MXenes are a class of 2D materials that are defined by having a composition of Mn+1XnTx., where M is a transition metal, X is nitrogen or carbon and T is some kind of surface functional groups.1 Most MXenes are transition metal carbides and nitrides and some of the most famous examples include Ti3C2Tx, which was one of the first MXenes to be discovered.
Image Credit: Apostle/Shutterstock.com
There are around 20 known MXene structures at present, and some of the main excitement around these materials comes from some of their potential applications, including as energy storage materials.2 MXenes have shown great promise in terms of theoretical gravimetric capacity for use in battery technologies as well as the ability to tune the ion penetration between layers with the chemical structure of the MXene.

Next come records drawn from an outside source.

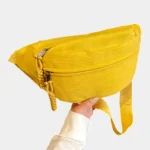 Sac banane velours côtelé jaune posé de face dans une main, avec zip et cordons tressés ton sur ton
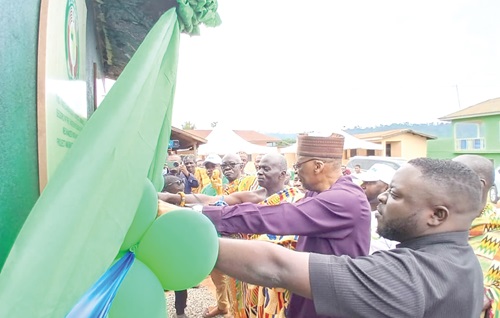  Baba Gana Wakil (right), Resident Representative of ECOWAS in Ghana, cutting the tape to officially inaugurate the new water facility at Odumase-Begoro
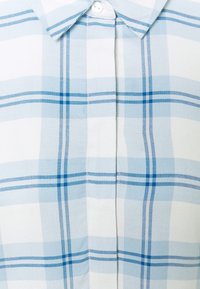 Camicia a quadro azzurro chiaro e bianco con colletto classico, pattina dei bottoni e texture di tessuto morbido con linee orizzontali e verticali ben definite.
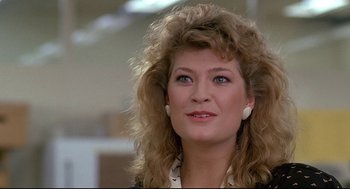 Movie still from “Fletch” (1985), directed by Michael Ritchie – A person wearing a suit and tie; Close Up shot, Over the shoulder angle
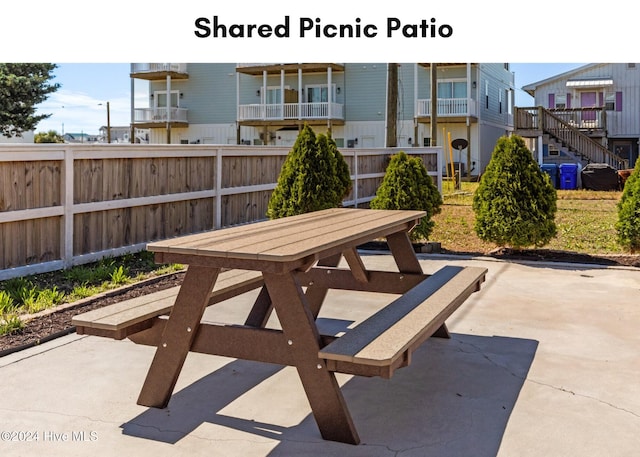 view of patio / terrace with a residential view, outdoor dining area, and fence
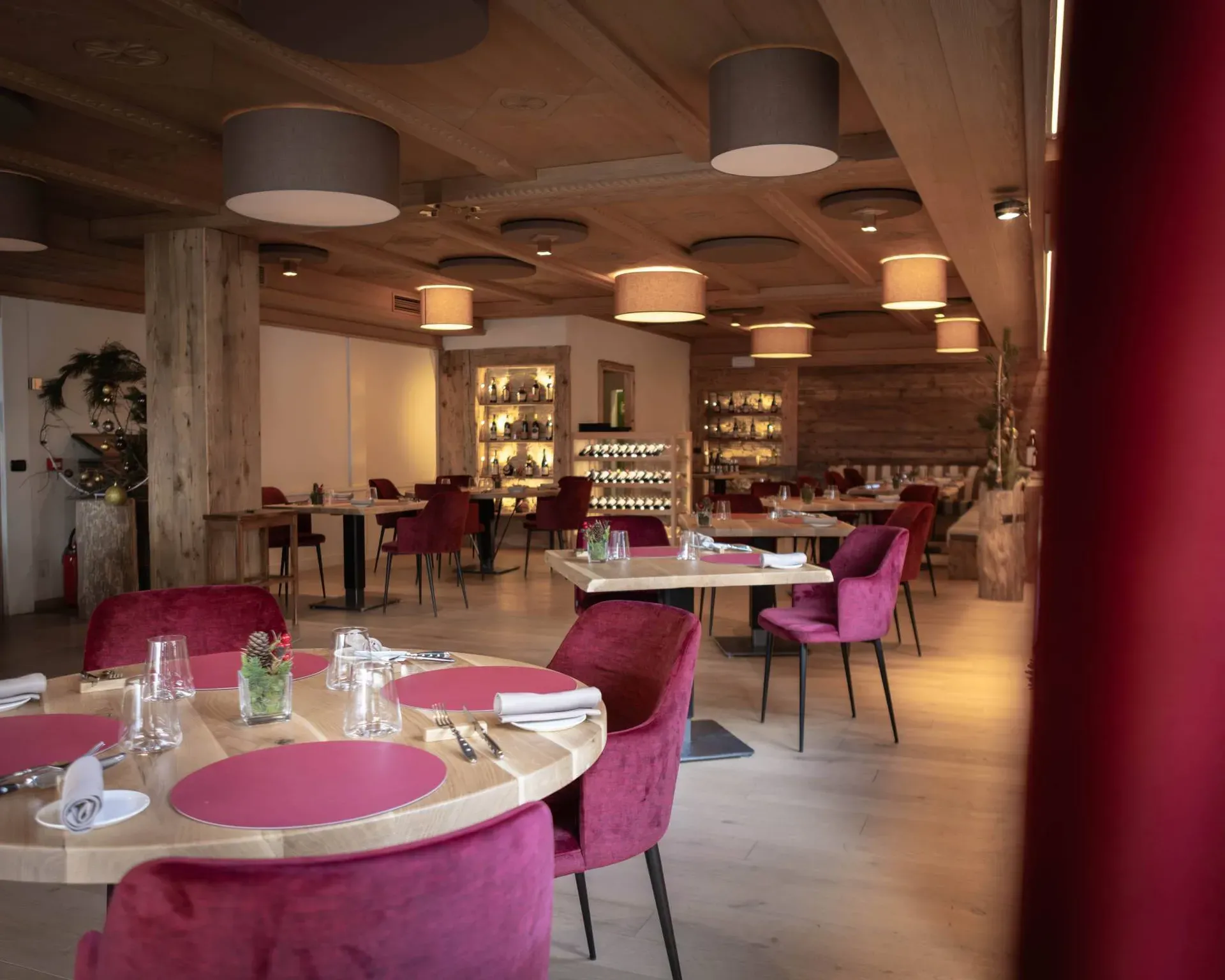 Sala ristorante moderna con soffitto in legno e grandi lampade circolari, tavoli rotondi in legno, sedie viola, piatti rosa e bicchieri; atmosfera calda e accogliente.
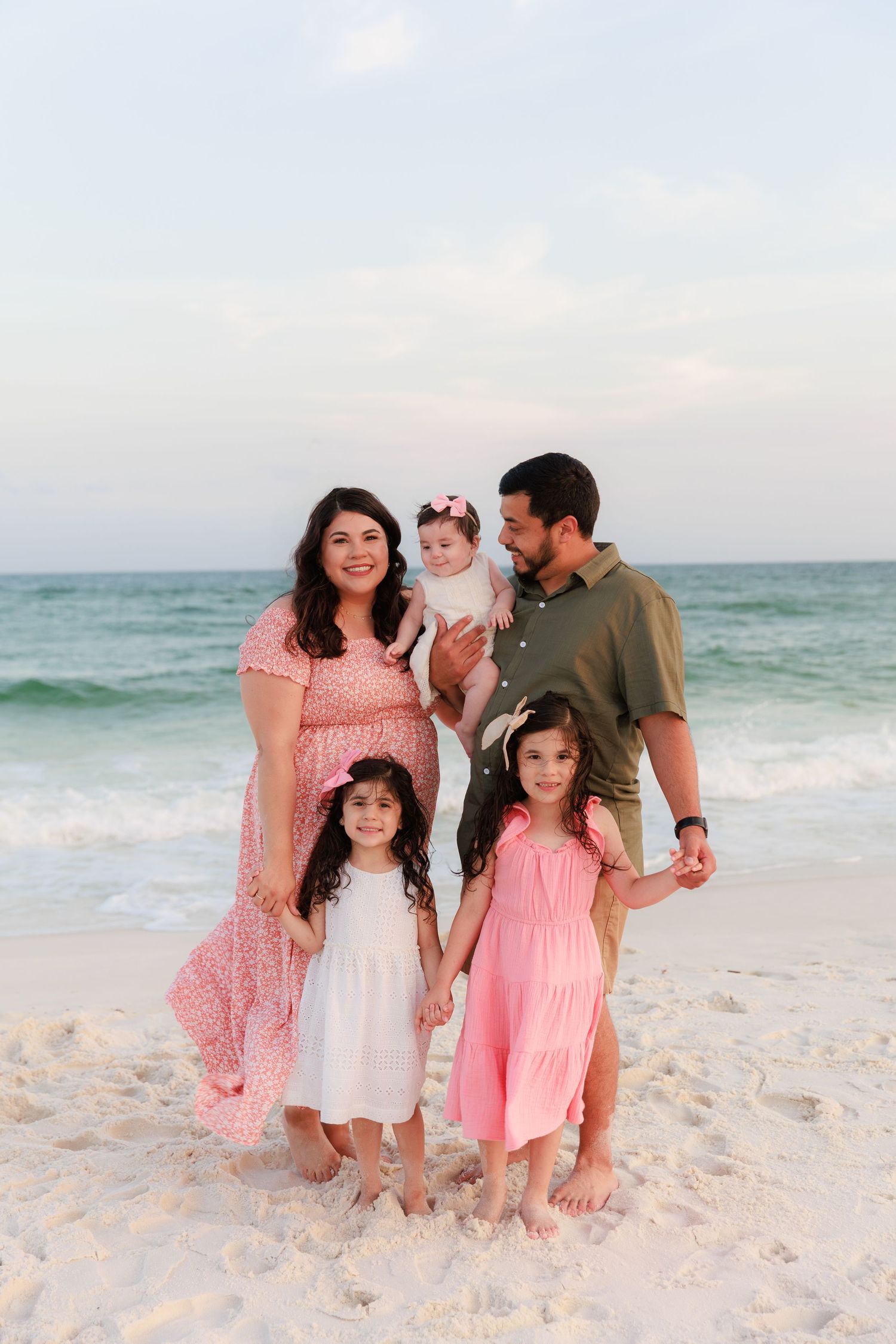 Family of five posing on a sandy beach at sunset, parents with three young daughters in pink and white dresses.
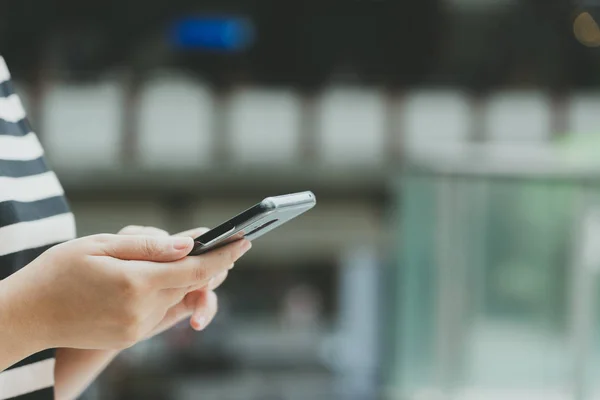 Eine schöne asiatische Frau benutzt ein Smartphone in der Innenstadt, um — Stockfoto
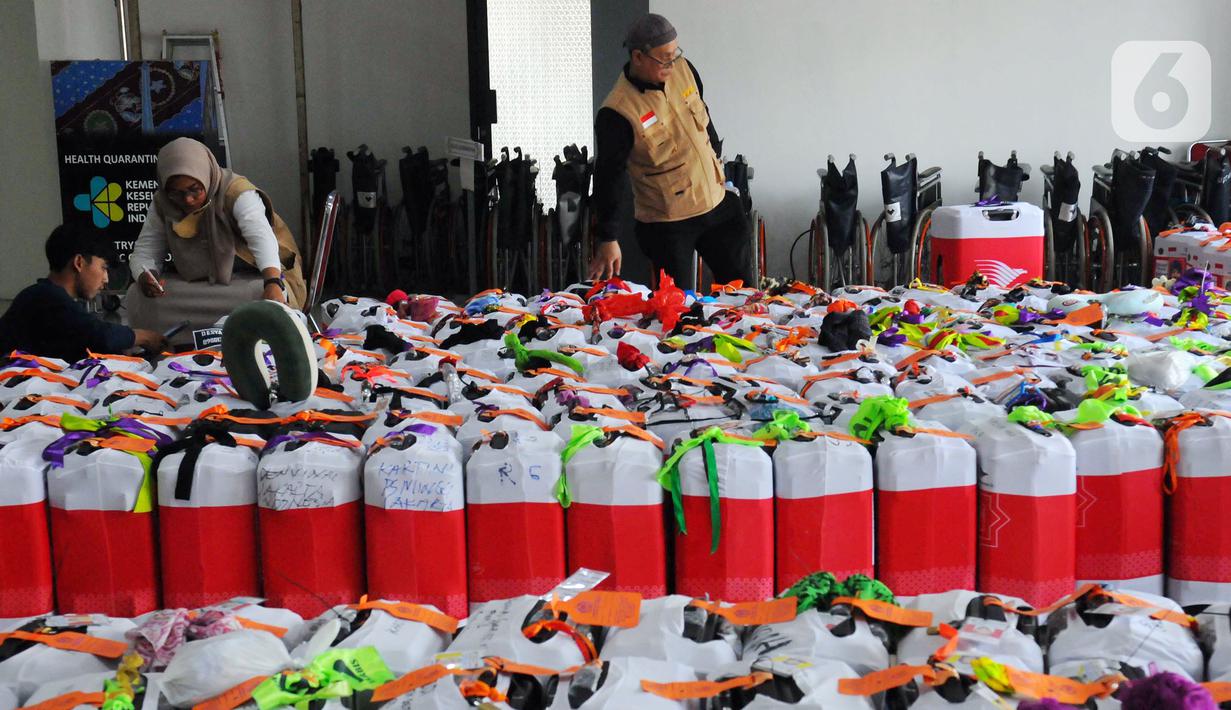 Petugas melakukan pengecekan koper para jemaah haji di Asrama Haji Pondok Gede, Jakarta, Selasa (23/5/2023). Keberangkatan jemaah haji kloter pertama akan dimulai pada Rabu, 24 Mei 2023. (merdeka.com/Imam Buhori)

Other examples of MXene applications include water purification, such as for the absorption of lead or other heavy metals,3 or desalination membranes. The ability to act as a selective ion filter is particularly useful for all these applications as the MXene can be designed to reject only the unwanted species. The high thermal and radiation stability of MXenes can also help in many ion filtration applications, including nuclear waste management.4
Structural Importance
The structural arrangement of the MXene is critical to all of the aforementioned filtration and purification applications. The electronic configuration and size of the interacting molecule or ionic species determine where and how the absorbate will interact with the MXene material.5 MXenes are often made through etching processes and have a complex multilayer structure made up of individual sheets of the 2D material.
The composition and arrangement of the individual sheets and their stacking distances influence the final properties of the MXene material. Therefore, a key part of MXene synthesis and development is the use of materials characterization techniques that can provide information on the atomic composition and structural arrangement both in the individual sheets and the inter-sheet distances.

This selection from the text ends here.